Mieux comprendre la police avec « Engrenages »

« Les policiers sont des illégalistes comme les autres. Ils vivent en bandes, sont brutaux, sans foi ni loi.[...] La seule chose qui les distingue des autres bandes, c’est qu’ils sont organisés en un plus vaste appareil de complicité, et qu’ils se sont par là arrogés l’impunité.
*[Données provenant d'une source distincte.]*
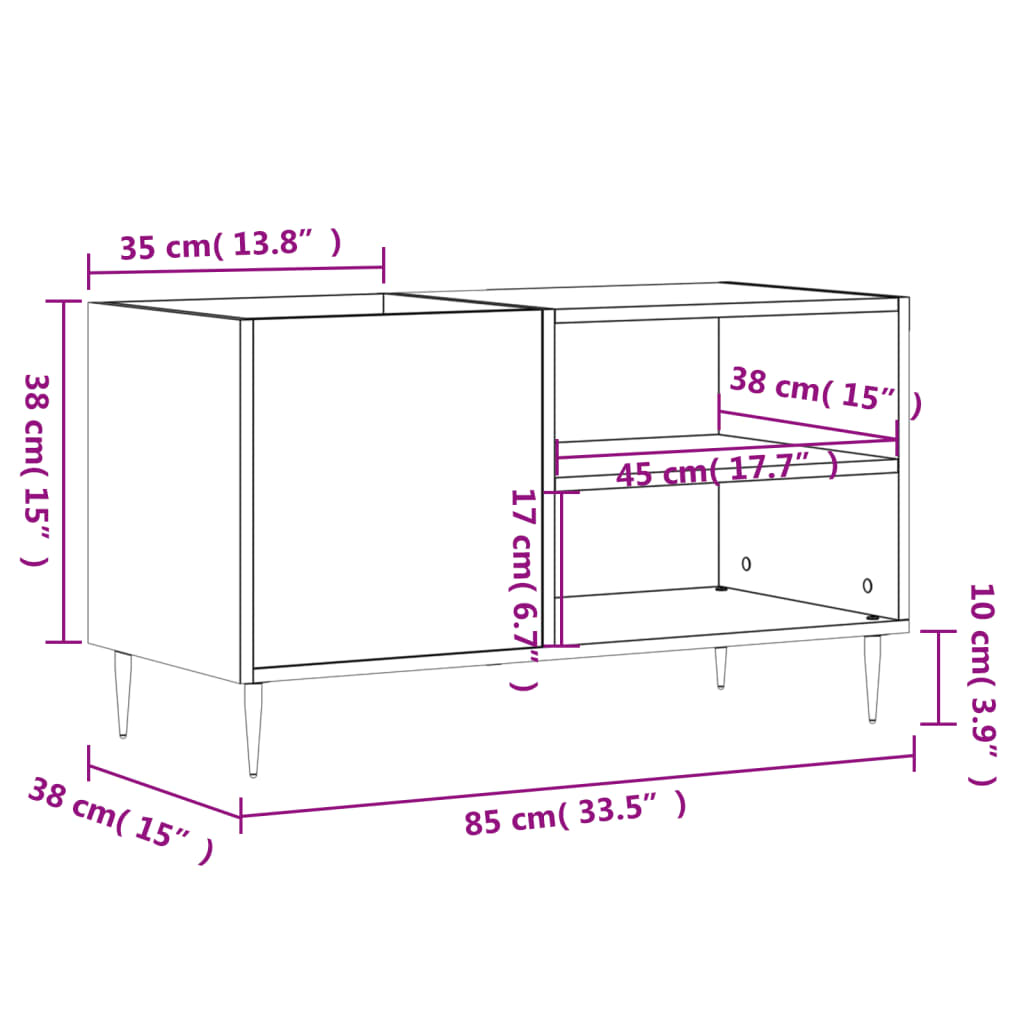 vidaXL Mobile Porta Dischi Bianco 85x38x48 cm in Legno Multistrato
Autrement dit : il n’y a plus que des forces dans ce monde, que l’on répute criminelles à proportion de leur inorganisation. »

paru dans lundimatin#78, le 25 octobre 2016

En mars 2013, Le LCP (Laboratoire Communication et Politique) du CNRS organisait un « colloque international » dans l’objectif de « contribuer à renouveler la réflexion sur les relations entre les sphères policière et médiatique ».

Sans que l’on sache trop comment ni pourquoi, la liste complète des participants reçue par email une contribution préalable aux débats ; en l’espèce, quelques considérations sur la série télévisée à succès « Engrenages » et plus généralement sur le rôle de la police.

Le document est accessible dans son intégralité en fin d’article, nous soulignons ici les éléments qui nous paraissent les plus intéressants quant à la fronde policière qui fait débat ces derniers jours.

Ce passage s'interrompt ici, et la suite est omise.